# REQUIRED WORK
Leave the pictures in the listing below aside and reproduce exactly the lines starting with the one with "Used 2023 MAZDA CX-5 Carbon Edition image 9" and going on through the one with "источников в Рыльске", both ends included.

# GIVEN ENTRIES
★ ★ ★

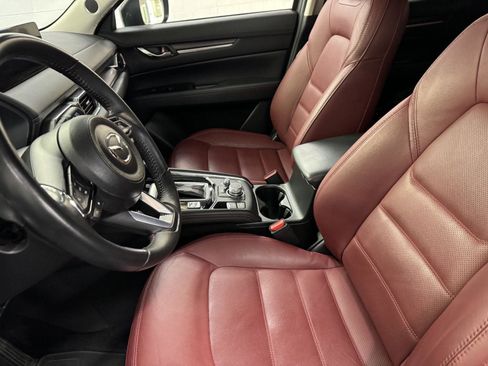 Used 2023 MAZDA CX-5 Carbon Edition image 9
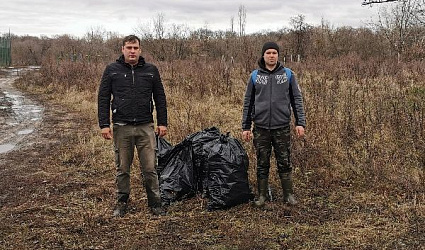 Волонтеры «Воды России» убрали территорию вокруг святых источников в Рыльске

★ ★ ★

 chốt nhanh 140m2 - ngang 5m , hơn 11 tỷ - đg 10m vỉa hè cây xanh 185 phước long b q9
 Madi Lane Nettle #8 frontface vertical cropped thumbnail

★ ★ ★

# EXPECTED OUTPUT
 Used 2023 MAZDA CX-5 Carbon Edition image 9
 Волонтеры «Воды России» убрали территорию вокруг святых источников в Рыльске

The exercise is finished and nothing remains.